Malaysian singer (born 1987)

Jeanie Lee Hang-ngai (李幸倪; born 26 August 1987), better known by her stage name Gin Lee, is a Malaysian singer based in Hong Kong. Gin Lee debuted her singing career in 2009 by releasing her debut album One & Only in Malaysia. In 2010, she appeared on Hong Kong reality television singing competition The Voice 2 and gained popularity in Hong Kong for her vocal ability.
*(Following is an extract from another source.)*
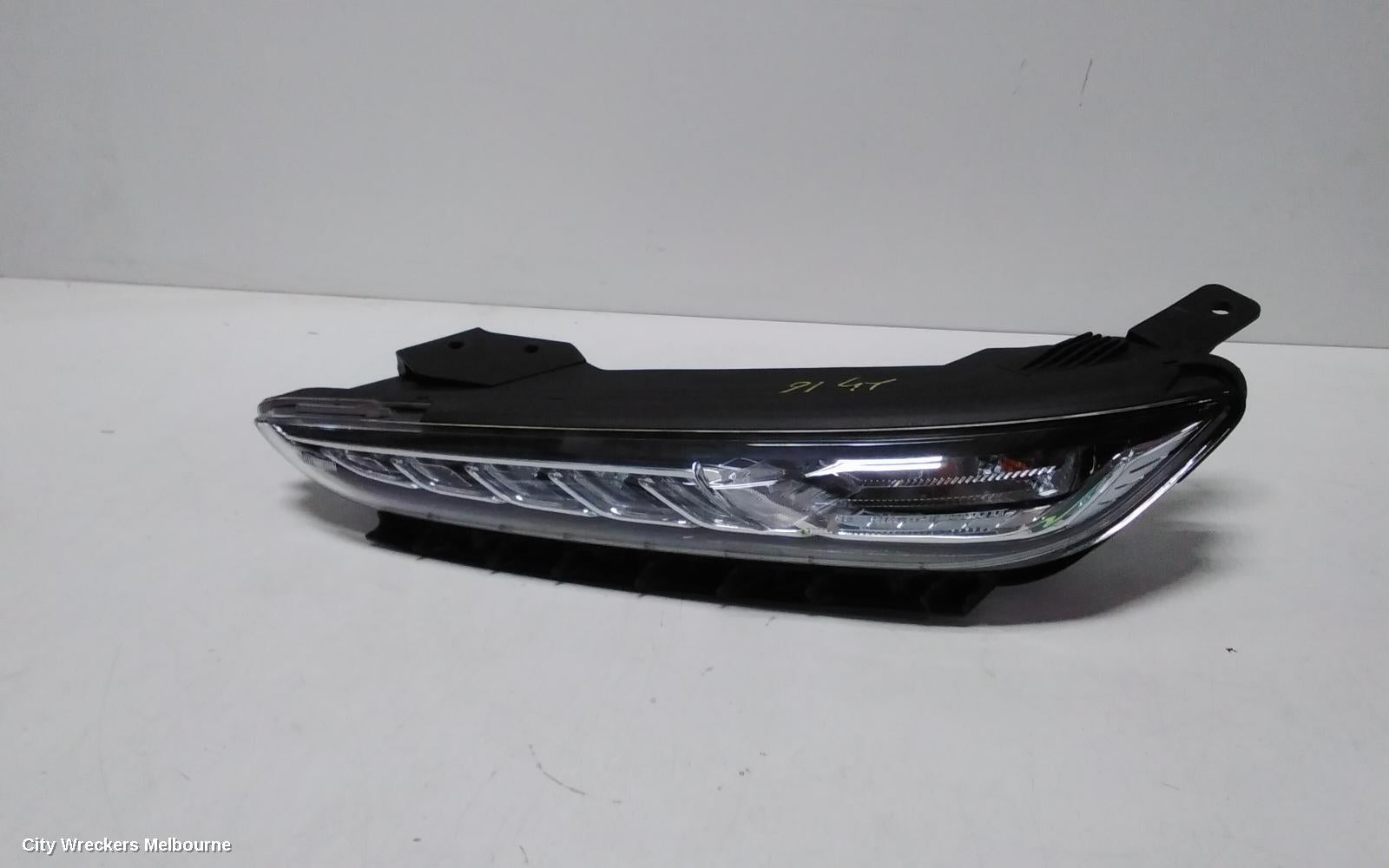 HYUNDAI KONA LEFT INDICATOR/FOG/SIDE, DAYTIME RUNNING LAMP, OS, 09/2017 - 10/2020 - Image 1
Lee subsequently moved to Hong Kong and made her Cantonese debut in 2011 under BMA Records with the EP Here I Come. She gained popularity in mainland China when she participated in the singing competition The Voice of China (season 4) in which Jay Chou was her mentor. In 2016, she signed with Universal Music (Hong Kong). Her 2016 album beGin topped the Hong Kong Record Merchants Association (HKRMA) sales chart for four weeks and was certified platinum by the Hong Kong Recording Industry Alliance (HKRIA). Singles from beGin achieved 61 number ones on music charts. She released her live recording concept album Live in the Moment in September 2017. The album was met with commercial success, topping the HKRMA sales chart for four consecutive weeks and reached gold certification within two months. Lee's cousin is Malaysian singer Meeia Foo.

== Life and career ==

=== Early life and career beginnings ===
Gin Lee was born in Johor Bahru, Malaysia to a family with music background. Her father was a professional drummer, her mother a live singer, and she has an elder sister. Lee recalls in an interview in 2016, "I started singing in front of people when I was three or four. My parents used to ask me to go on stage to sing for my relatives and I always loved performing in my kindergarten and primary school." Lee was part of her high school's track and field team, focusing on sprinting, but later stopped training due to persisting injuries. When she was 18 years old, she won Malaysia's Universal Music song writing competition. In 2007, she graduated from International College Of Music (ICOM) in Malaysia with a bachelor's degree, majoring in vocal music and arrangement. She released her debut Mandarin album ONE & ONLY through Fretlezz Production in Malaysia on 29 December 2009, writing most of the songs on it. The album was nominated at the 17th Malaysian Music Industry Awards for Best Local Chinese Album.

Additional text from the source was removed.